PROBLEM
From the material below, copy exactly the lines beginning with the one that contains "in the given" and ending with the one that contains "グリーン シーシェル ハッピー"; the pictures stay out.

GIVEN RECORDS
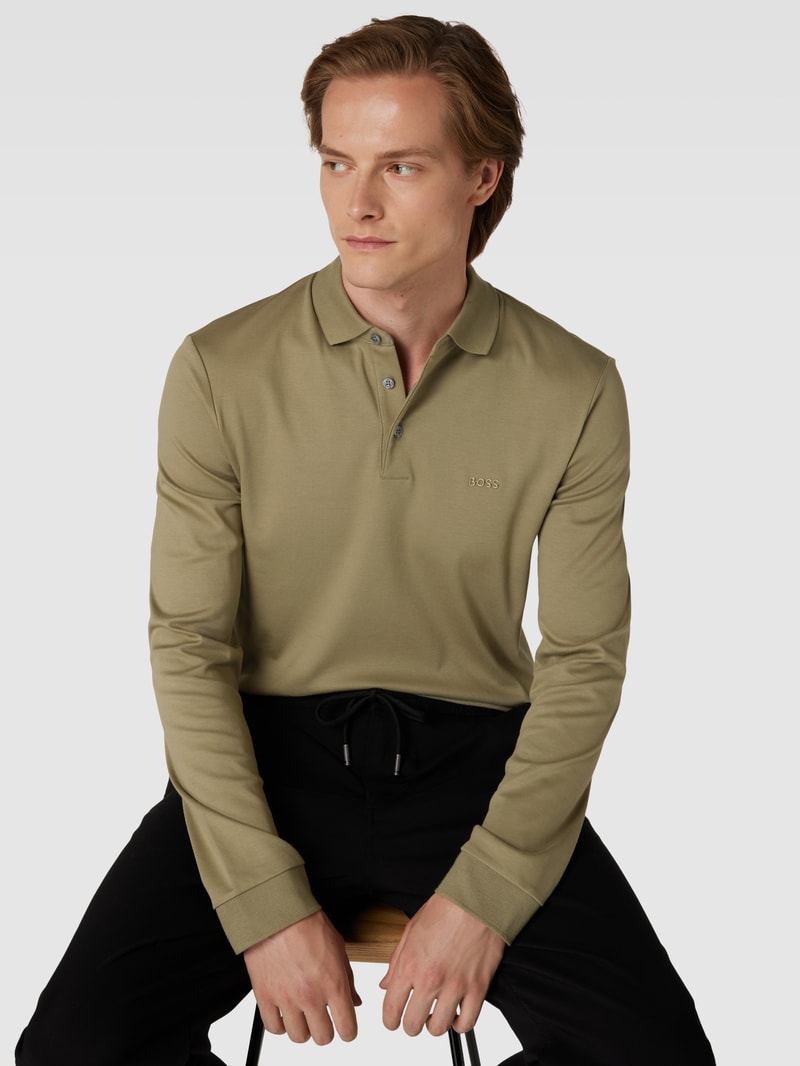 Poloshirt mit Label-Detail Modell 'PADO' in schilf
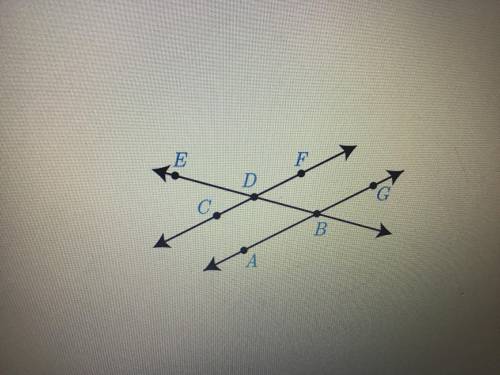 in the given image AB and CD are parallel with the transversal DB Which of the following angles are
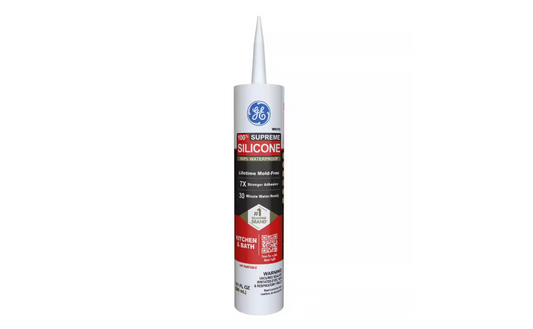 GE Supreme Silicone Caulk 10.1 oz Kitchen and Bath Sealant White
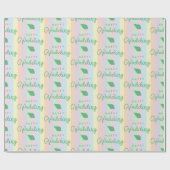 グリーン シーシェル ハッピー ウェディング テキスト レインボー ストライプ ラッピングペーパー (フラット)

...

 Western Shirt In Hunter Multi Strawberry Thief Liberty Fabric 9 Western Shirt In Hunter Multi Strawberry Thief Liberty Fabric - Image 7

EXERCISE SOLUTION
 in the given image AB and CD are parallel with the transversal DB Which of the following angles are
 GE Supreme Silicone Caulk 10.1 oz Kitchen and Bath Sealant White
 グリーン シーシェル ハッピー ウェディング テキスト レインボー ストライプ ラッピングペーパー (フラット)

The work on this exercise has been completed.